In fact, scientists do understand a little about how the genes work:
They direct the cells to produce particular proteins or components of proteins; and somehow they "know" when and where to do that. Although the genes in every cell of the body are the same, they don't all work in all cells.
In brain cells, only those involved in proteins appropriate to the brain are active; in eye or bone or skin or muscle cells, the same is true.
When scientists "find" a gene, what they've usually got are the parts that order up the proteins; they don't necessarily have the "regulatory sequences" that turn it on and off, explains Dr. Maimon Cohen, chief of the division of genetics at the University of Maryland Medical Center.
And while finding the gene is an important first step, the real key to mastery of genetic disease is finding and learning to manipulate the regulatory mechanism.
Think of the gene as a car, Dr. Cohen suggests. "You know the structure, you know what it looks like. But if you don't have the key to turn it on, that car isn't going to be any good to you. Operating the accelerator, the gears, the brakes -- that's the regulation. These other [regulatory] sequences determine the tissues the gene works in, the rate at which it works, all sorts of other things."
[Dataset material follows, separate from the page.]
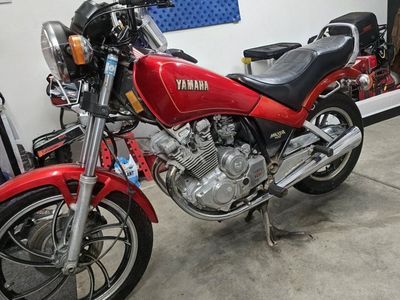 1982 Yamaha Maxim XS400 – 5,900 Original Miles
If a gene or its regulatory mechanism is abnormal, the protein-making instructions will also go awry. The proper protein won't be made at the proper time; the tissues that require it won't develop, function, or renew themselves as they should.
And in a cascade of events like those in the adage that begins with the loss of a horseshoe nail and ends with the loss of a kingdom, the individual can be sick or disabled, or even die.
But many diseases don't seem to follow from a single faulty gene or protein. Although scientists believe that such common disorders as heart disease, cancer and mental illness have genetic roots, they also think the outcome is the cumulative impact of several faulty genes plus, in some cases, an environmental trigger -- anything from prenatal accident to poor nutrition to emotional stress.
"Huntington's disease is a pure genetic disorder: If you get the gene, you get the illness. Cystic fibrosis is that way too," says Dr. Wade Berrettini, staff psychiatrist at the National Institute of Mental Health.
But manic depressive illness, his own area of research, is different.
"It's in part genetic, but not a pure genetic disease," he says. "In identical twin pairs [who have identical genes], if one twin has it the other does as well in 65 percent of cases. But it's difficult to understand the other 35 percent if it's a perfectly genetic disease. So there may be environmental or other factors that are protective, since it's possible to inherit the gene without getting the disease."
The same complexity hampers the search for a schizophrenia gene.